Like Gaul, query understanding is, as a whole, divided into three parts:

  • Holistic understanding of the query to ascertain its topic / category or establish the searcher’s high-level intent.
  • Reductionist understanding to segment the query into components and determine what those components mean.
  • Resolution to transform the results of holistic and reductionist understanding into the query that is executed against the search engine.

Let’s walk through this break-down, starting with Caesar’s “Gallia est omnis divisa in partes tres” as an example of a search query. We’ll assume that the search application provides access to a broad set of educational materials (textbooks, literature, etc).

Holistic Understanding

Holistic understanding is the first step in query understanding. The goal of holistic understanding is to broadly — but not deeply — classify the query.

Here are some typical classes of holistic query understanding:

  • Language identification. Our example query is in Latin (Classical Latin to be precise). For search applications that support multiple languages, language identification is a critical to enable further query processing.
  • Query categorization, which generally maps the query into a category taxonomy. Our example query could be mapped to History or History of the Roman Empire, depending on the granularity of the categorization.
  • Establishing the searcher’s high-level intent, which presumes a categorization of such intents. For example, if we know that searchers often look up quotations to find the original source, we might recognize the example query as an example of this intent. Other intents might include finding a biography of a person, a textbook about a subject, etc.

Implementing holistic query understanding requires building classifiers, either through rules (e.g., regular expressions) or by training a machine learned classification model. A machine learning approach is generally more accurate, flexible, and scalable.

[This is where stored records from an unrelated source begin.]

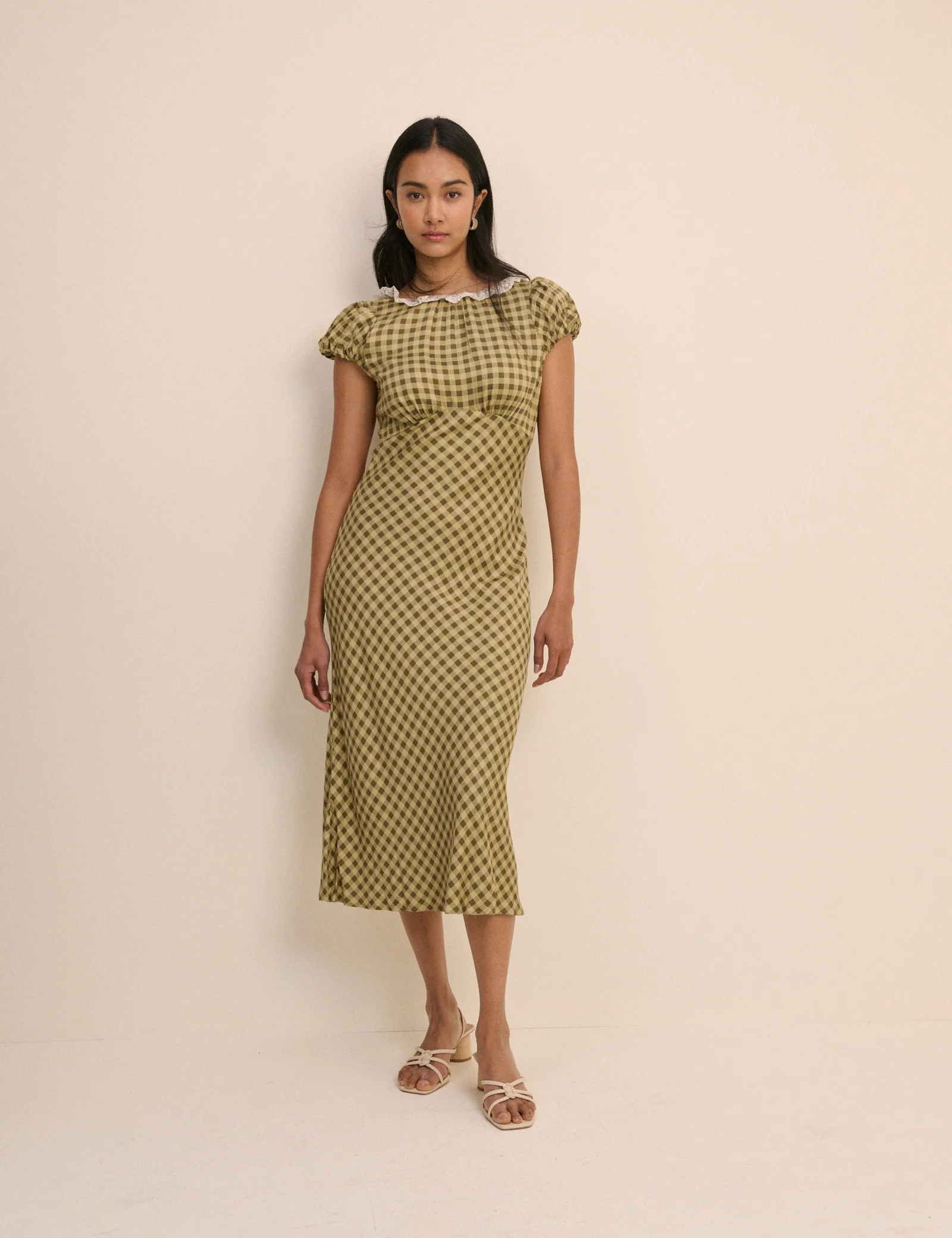 Green Gingham Puff Sleeve Marianna Midi Dress
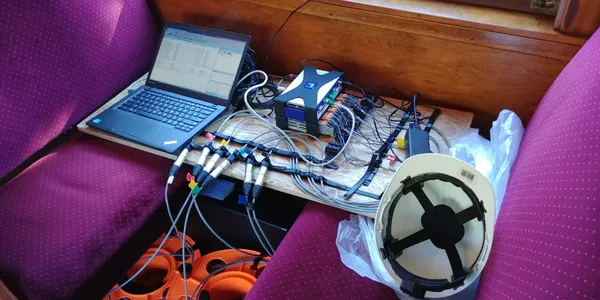 gear to measure motion of train under test
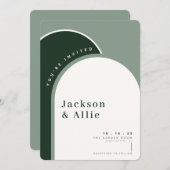 セージグリーンアーチボホミニマリスト結婚式招待状 招待状 (正面/裏面)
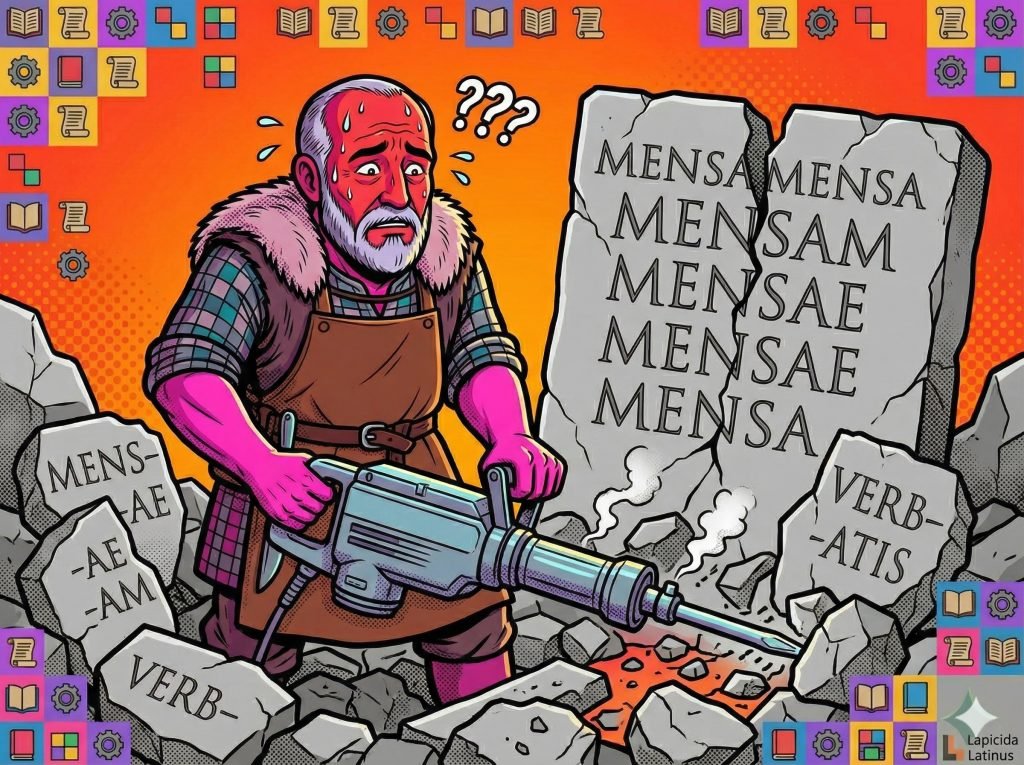 Steinmetz mit Presslufthammer zwischen Trümmern — warum passive Lernmethoden beim Latein Lernen scheitern
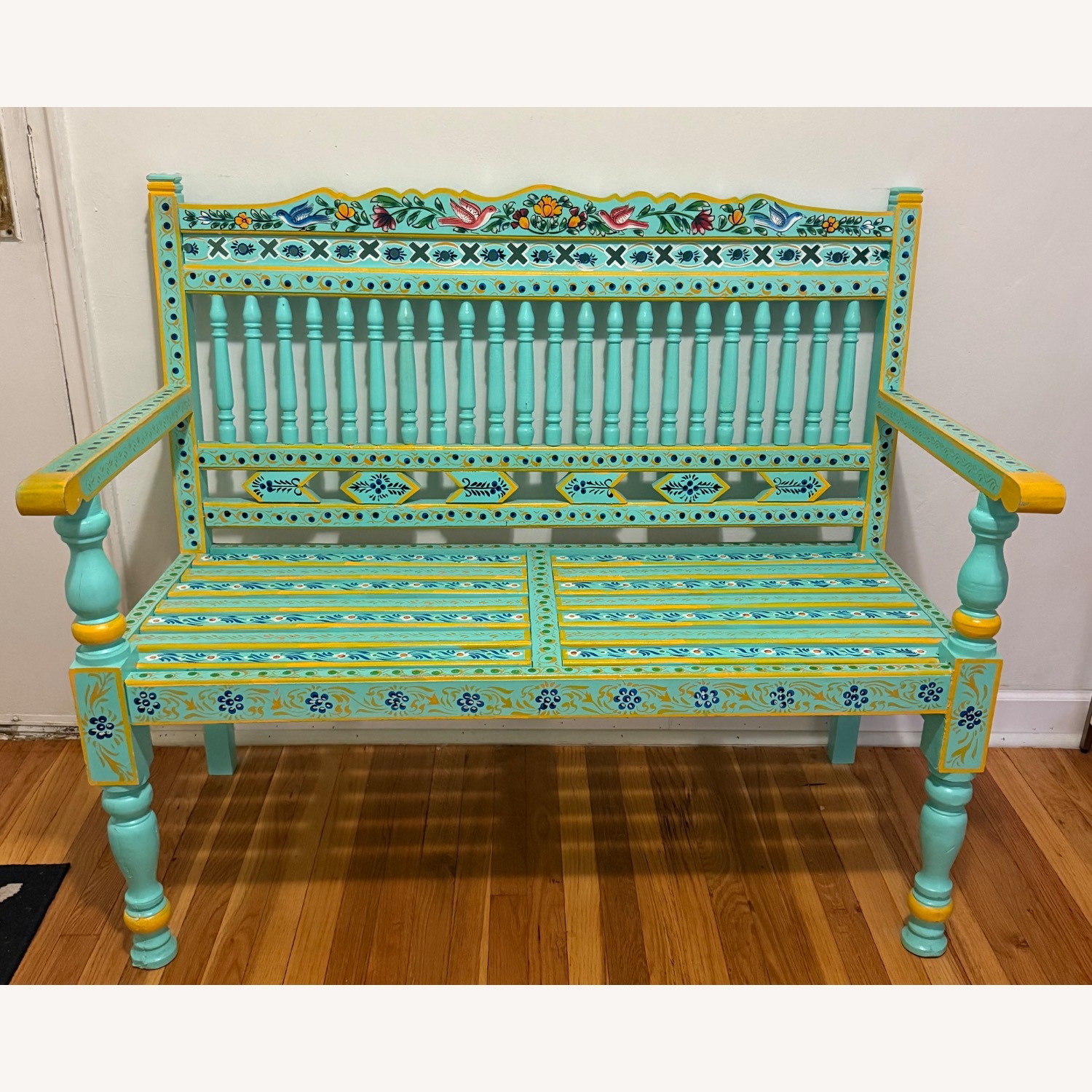 Blue Wood Bench - image-1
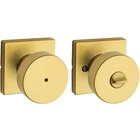 Kwikset Pismo Satin Brass Bed/bath Square Door Knob Open. Price: $24.99.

To train a classifier, each holistic query understanding component (for language identification, query categorization, etc.) requires a collection of labeled training data that maps queries to their associated classes. The labels can come from explicit human judgements or from historical search behavior (e.g., mapping a query to a category based on clicks). Since search queries are strings — and often short string — it’s a good idea to use a character-level embedding like fastText to represent each query as a feature vector.

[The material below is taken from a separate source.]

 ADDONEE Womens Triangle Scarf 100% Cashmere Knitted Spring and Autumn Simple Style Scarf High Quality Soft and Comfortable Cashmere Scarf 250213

To summarize, holistic understanding looks at the query as a whole. It aims to be broad rather than deep, laying the foundation for later query processing.

Reductionist Understanding

The second step in query understanding is a reductionist understanding that breaks down the query into parts and tries to understand those parts.

Reductionist query understanding performs two related tasks: query segmentation and entity recognition. Query segmentation divides the search query into a sequence of semantic units, each of which consists of one or more tokens. Entity recognition classifies each segment into an entity type.

Our example query doesn’t yield an interesting segmentation, so let’s use this one instead (assuming the same search application): roman empire poetry.

This query should be segmented into two segments: roman empire and poetry. Then the first segment can be recognized as a subject area familiar from the previous example, while the second segment can be recognized as a genre. The segmented, recognized query is Subject: “roman empire”, Genre: “poetry”.

Like classification, segmentation and entity recognition generally depend on machine learned models, which in turn depend on labeled training data.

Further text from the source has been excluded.